Rose Wang
Bio: Rose E. Wang is a Computer Science PhD student at Stanford University, advised by Prof. Dorottya Demszky and Diyi Yang. She received her B.Sc. in Computer Science at MIT working with Prof. Joshua Tenenbaum and Google Brain. She focuses on large-scale modeling of education interactions, such as 1-1 tutoring settings. She develops data science and machine learning methods to infer robust signals from interaction data for interventions. Her recent projects include modeling remediation practices of mathematics teachers with large language models. Her work is recognized by the NSF GRFP and best paper awards from CogSci and NeurIPS Cooperative AI.
Talk Title: Leveraging Large Language Models for Remediation in Mathematics Tutoring: Insights and Challenges
Abstract: In this talk, I will present our study of how experienced teachers and large language models (LLMs)
remediate student mistakes in mathematics and outline the potential of LLMs to support novice tutors
at scale.
Scaling high-quality tutoring is a major challenge in education. Because of the growing demand, many platforms employ novice tutors who, unlike professional educators, struggle to effectively address student mistakes and thus fail to seize prime learning opportunities for students. In this work, we explore the potential for LLMs to assist math tutors in remediating student mistakes. We analyze thousands of tutoring sessions from novice tutors, which reveal poor pedagogical practices like immediately saying and explaining the solution when responding to student mistakes. We used these findings to build ReMath, a benchmark co-developed with experienced math teachers that deconstructs their thought process for remediation. We evaluate the performance of state-of-the-art instruct-tuned and dialog models on ReMath. Our findings suggest that although models consistently improve upon original tutor responses, we cannot rely on models alone to remediate mistakes.
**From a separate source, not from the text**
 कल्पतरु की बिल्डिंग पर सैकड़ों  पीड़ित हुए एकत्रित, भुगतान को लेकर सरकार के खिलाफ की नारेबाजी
Providing models with the error type (e.g., the student is guessing) and strategy (e.g., simplify the problem) leads to a 75% improvement in the response quality over models without that information. Nonetheless, despite the improvement, the quality of the best model’s responses still falls short of experienced math teachers. Our work is the first to shed light on the potential and current limitations of using LLMs to provide high-quality learning experiences for both tutors and students at scale.